Тема рока, судьбы проходит через всю русскую поэзию. Очень часто эта тема воплощается в понятии «Восток», под которым понимается не только метафизическая и мистическая сила, но и русское пространство: «Молчит сомнительно Восток...» (Ф. Тютчев). У Ф. Тютчева тема русского предопределения доведена до апокалиптического накала. Он писал о «чуждом, неразгаданном, ночном», в чем узнается «наследье роковое»:

Стоим мы слепо пред Судьбою

Не нам сорвать с нее покрое...

Я не свое тебе открою,

А бред пророческий духов...

Еще нам далеко до цели...

Тема русской судьбы и русского предназначения всегда была в центре внимания А. С. Пушкина. Ф. М. Достоевский писал: «В Пушкине две главные мысли — и обе заключают в себе прообраз всего будущего назначения и всей будущей цели России, а стало быть, и всей будущей судьбы нашей. Первая мысль — всемирность России...»17. В своей исторической конкретности мысли Пушкина о судьбе России и ее историческом предназначении напрямую связаны с «пространственностью» и борьбой с монгольским нашествием. Полемизируя с П. Я. Чаадаевым, поэт говорил: «Это Россия, это ее необъятные пространства поглотили монгольское нашествие. Татары не посмели перейти наши западные границы и оставить нас в тылу. Они отошли к своим пустыням, и христианская цивилизация была спасена. Для достижения этой цели мы должны были вести совершенно особое существование, которое, оставив нас христианами, сделало нас, однако, совершенно чуждыми христианскому миру, так что нашим мученичеством энергичное развитие католической Европы было избавлено от всяких помех»18.
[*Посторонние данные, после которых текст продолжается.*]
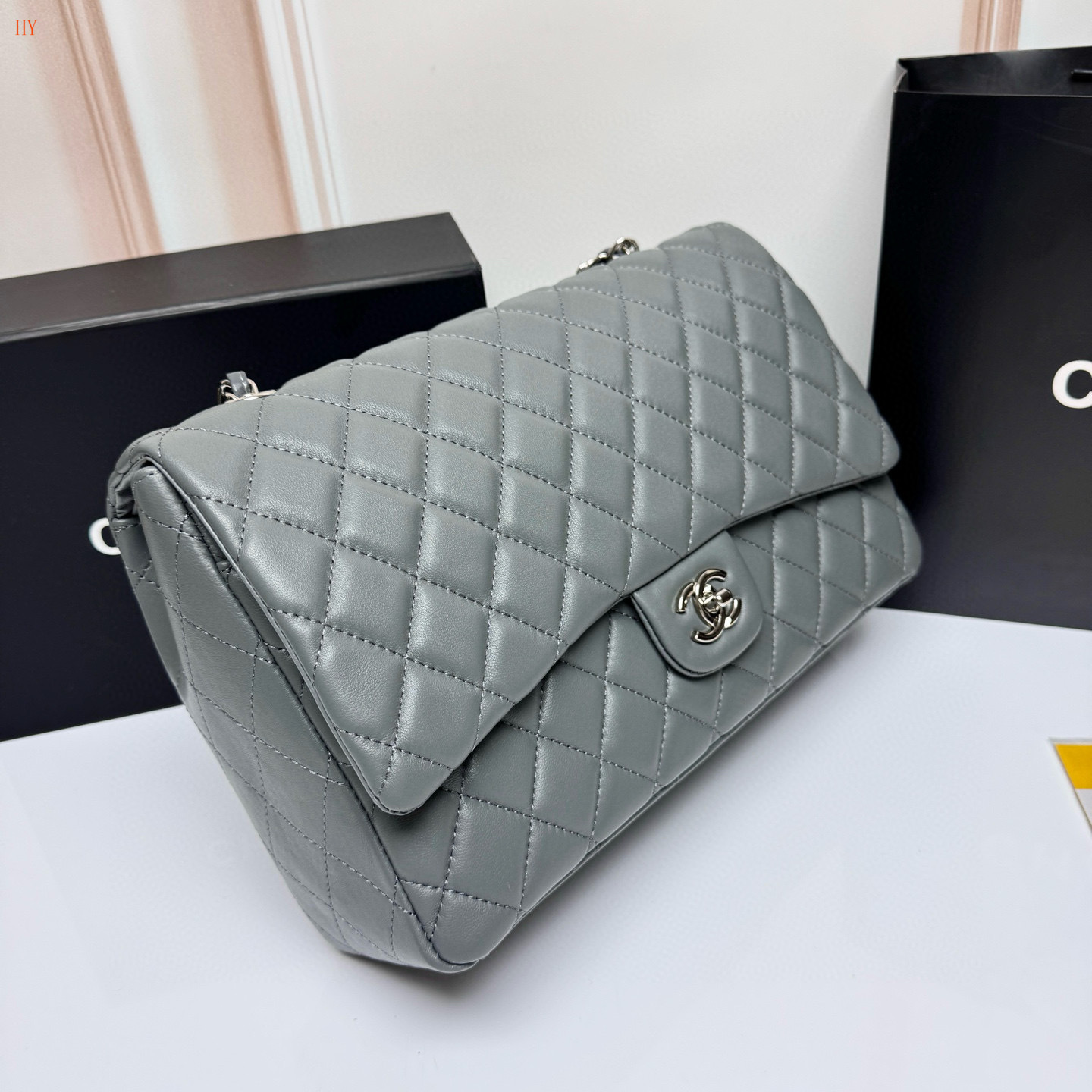 chanel quilted gray handbag 33*22*9.2 - Image 8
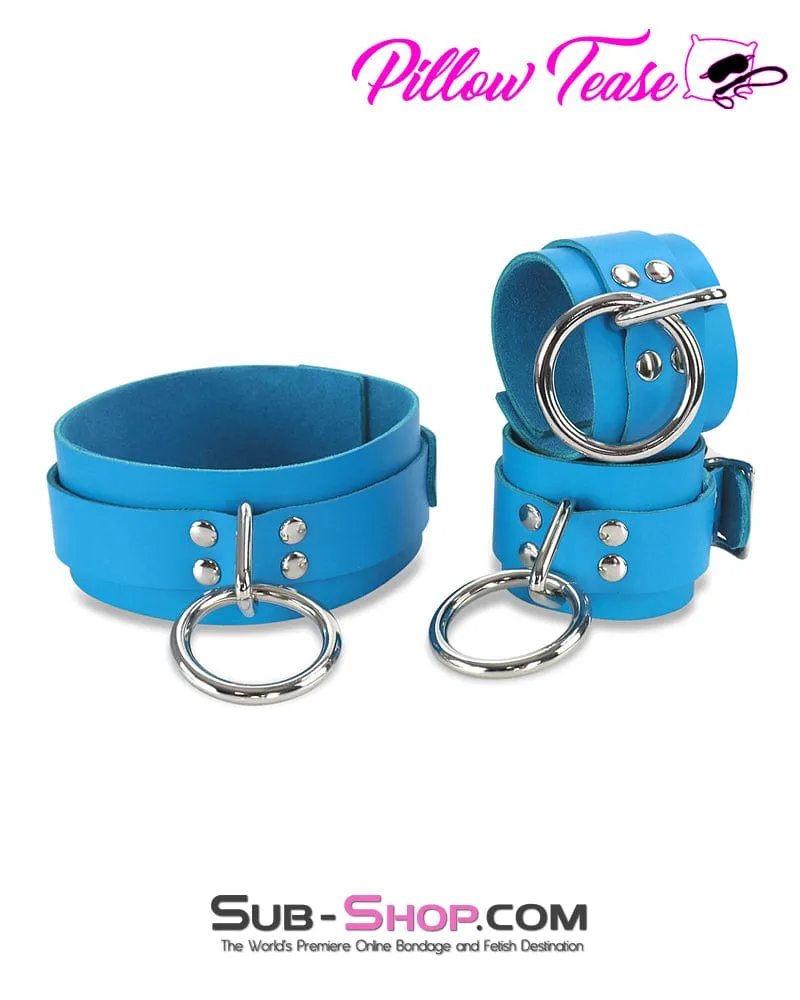 7054A      Candy Blue Leather Bondage Collar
Судьба России у Блока «звенит тоской острожной». В иерархии характеристик русской судьбы Сибирь ставится вслед за царем, а затем следуют олицетворяющий тот же русский рок персонаж и главный сибирский атрибут:

Русь моя, жизнь моя, вместе лъ нам маяться?

Царь да Сибирь, да Ермак, да тюрьма.

Покоритель Сибири не стал героем национального эпоса, но его образ глубоко вошел в русскую душу. Отправляясь на «галицийские кровавые поля», садясь в вагоны, «запевали Варяга одни, а другие — не в лад — Ермака».

Пройдет десять лет и русское «предопределение судьбы» примет у Блока не только грозный мессианский вид, но и вселенский масштаб. И здесь незримо присутствует Сибирь как историческое и метафизическое пространство, образующее «Россию — Сфинкс». «Варварская лира» поэта, как трубный глас, призывала старый мир «опомниться» и собраться на «светлый братский пир».

Если нет, то:

Идите все, идите на Урал!

Мы очищаем место бою


Стальных машин, где дышит интеграл,

С монгольской дикою ордою!

Поэзия, говорит новейший постмодернист, есть «форма социальной фантазии»19, и по природе своей она профетична. Каким бы странным это не показалось, но эти поразительные стихи оказались пророческими. Через два десятилетия действительно «пошли», но до Урала дойти не смогли — в значительной мере по причине того, что у русских была Сибирь, а Урал — лишь ее западный рубеж.

Большевистская революция сообщила идее русского предопределения и избранничества неожиданный импульс. В восемнадцатом году на Руси появился «пророк Есенин Сергей», который «иное постиг учение прободающих вечность звезд и грозит отступнице — Америке:

И тебе говорю, Америка,

Отколотая половина земли, —

Страшись по морям безверия

Железные пускать корабли!

А чуть позже Есенин также предрекает наступление всемирного братства, к которому теперь стремится Россия:

Но и тогда,

Когда на всей планете

Пройдет вражда племен,

Исчезнет ложь и грусть, —

Я буду воспевать

Всем существом в поэте

Шестую часть земли

С названьем кратким «Русь».

В русском «предопределении» явственно проступает утопическая запредельность, некая альтернатива реальной истории; кто-то мог бы даже добавить: и славянская бесхарактерность.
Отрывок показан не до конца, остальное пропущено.